PYTHON

A few weeks ago, I posted a blog about Bamboolib that became quite popular. The blog was very well received, achieving tens of thousands of views in the first week. And after that, I had planned to write about other Data Science-related subjects and was going to avoid writing about Python libraries for some time unless I had found something awe-inspiring. Well, I found it, and it’s called Mito.
I heard about Mito a while ago but never had the chance to test it out, but recently I decided to give it a try, and it’s impressive! But before anything, a little note: this is not sponsored content. I’m saying this because some developers have reached out to me in the past few weeks asking if I would do a paid partnership, so if you are one of those folks, I don’t do any kind of paid partnerships. However, I do accept suggestions of subjects to write about. Now, let’s go back to Mito.
Mito – save hours of work with a few clicks
Mito is a Python library that helps you perform data preparation, data cleaning, transformation, exploratory data analysis, creating graphs, etc. Through a GUI, you can get a lot done with just one or two lines of codes and a few clicks. They tried to create a similar experience as if you were using Microsoft Excel. Mito and Bamboolib (another Python library) have many similarities, such as having a GUI to make it easier for people to perform tasks, and they both create Python codes that you can copy and use anywhere, even if you don’t have Mito installed.
If you haven’t read my blog on Bamboolib, you can find it here:
Bamboolib: One of the Most Useful Python Libraries You Have Ever Seen
That being said, let’s put our hands on Mito!
Installation
The installation process is easy. For security reasons, I recommend you create an environment for Mito. Their website shows how you can create a Python environment. To do so, you can copy and paste one of the two codes into your terminal:
Mac:
python3 -m venv mitoenv
source mitoenv/bin/activate
python -m pip install mitoinstaller
python -m mitoinstaller install
Windows:
python3 -m venv mitoenv
mitoenvScriptsactivate.bat
python -m pip install mitoinstaller
python -m mitoinstaller install
If you decide to go with a Conda Virtual Environment, you can copy and paste the following code:
conda create -n mitoenv python=3.8
conda activate mitoenv
python -m pip install mitoinstaller
python -m mitoinstaller install
After these steps, you should be good to go. Note that Mito will create a JupyterLab notebook file for you with the starting code. You can also initiate a JupyterLab notebook by typing jupyter lab in your Terminal. Now let’s get our hands dirty.
First Steps
Initiating Mito couldn’t be any easier. You just need to import it by typing import mitosheet and initiate it by typing mitosheet.sheet(). That’s all the coding we will be using today!

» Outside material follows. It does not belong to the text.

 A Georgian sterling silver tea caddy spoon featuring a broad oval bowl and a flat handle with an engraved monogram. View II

Now let’s import the dataset that we will be using. Click on import, find the file, and we are good to go. For this demonstration, I will be using the Top Video Games 1995–2021 Metacritic dataset from Kaggle. After importing the dataset, Mito shows us a few carts with what you can do with it.

Data Preparation
Change datatype
Changing the datatype in Mito is a piece of cake. All you need to do is click on the datatype, right below the column’s name, and choose the new datatype. In the example below, I will change a string to a datetime datatype. You will see that the icon will change from Abc (which means that the datatype is a string) to a calendar icon. DAT EASY!

They don’t have an option where you can choose the format of the datetime datatype, so if any of the Mito developers ready this blog, I think it would be a nice extra feature if we can choose the format.
Also, it seems like the user_review column is a string. Let’s fix this by changing it to a float.

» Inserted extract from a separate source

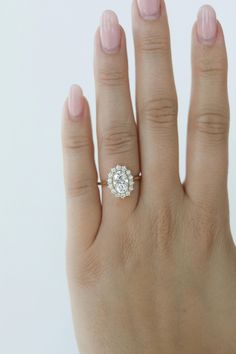 a woman's hand with a diamond ring on top of her left hand,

Did you see that a line of code was added to the cell below Mito’s GUI? That’s because Mito also gives you the code to use it in another notebook, even if you don’t have Mito installed. If you are learning to code, but don’t know how to do something, this is a fantastic tool. Another cool thing about it is that it automatically adds comments in the cell so that anyone can read it.
Just to make a quick comparison, Bamboolib can automatically recognize that the user_review column should be a float and not an integer, but Mito cannot, so if you try to change a column with digits to an integer, it will throw you an error. Not a significant problem, though.

Renaming columns
Changing the column’s name couldn’t be any simpler. Just like you do in Excel, you will just click on the column’s name and edit. Awesome, right? I worked on a project a while ago, and I had to change the name of 200 columns, and it took me quite some time. I can’t think how much time I would have saved if I knew Mito.

Dropping columns
Dropping columns is another thing that Mito makes ridiculously simple. Just select the column, and click on DEL COL. That’s it!
Imagine a project where you need to delete multiple columns. Instead of typing the name of each of them, you can solve this with a few clicks.

Undoing actions
Mito makes deleting columns so easy that someone could delete more columns than they would like. If you are using Jupyter notebook without Mito, what would you do? Run all the code again? Who has time for that? Just click on UNDO, and you can undo any actions. Did you use UNDO a little too much? No problem! Just click on REDO, and you will undo the undo. Sorry, I had to say it.

Using multiple DataFrames
Another very cool feature is that you can work with multiple DataFrames at the same time. There are two ways to do it. You can click on IMPORT and upload files from your computer, or, in case you have the DataFrames in your notebook, you can add their names inside the parenthesis, just like the following code.
mitosheet.sheet(df1, df2)

For the example above, I created two DataFrames. One where user_review > 9 and one where user_review < 9.
Data Transformation
Filtering data
You can filter the data by clicking on the funnel icon and choosing what you want to filter. In the example below, I’m filtering to see only games where user_review is larger than 9.5. You can also create filter groups where you can select multiple conditionals.

Pivot Table
.groupby() is very useful for data analysis and, even if you are a pro user, you need to confess that grouping data in Python can be a little time-consuming. If you create one or two .groupby() you are probably ok, but doing multiple times every day can become annoying. Now, Mito doesn’t have a .groupby() option. It had .pivot_table() instead, which works similarly. But what’s the difference between them?
In short, .pivot_table() allows you to aggregate data into more shapes. For example, you can choose the index, column, and rows values. .groupby() will create tables where the given dimensions are placed into columns, and the rows will be created for each combination of those dimensions.
Now that we understand the difference between them, you can create a pivot table by clicking on PIVOT, selecting the columns you want to create a group by, the stats you want to see, and voilá!
In the example below, I’m grouping by the platform, then get the meta_score mean, the name count, and the user_review mean.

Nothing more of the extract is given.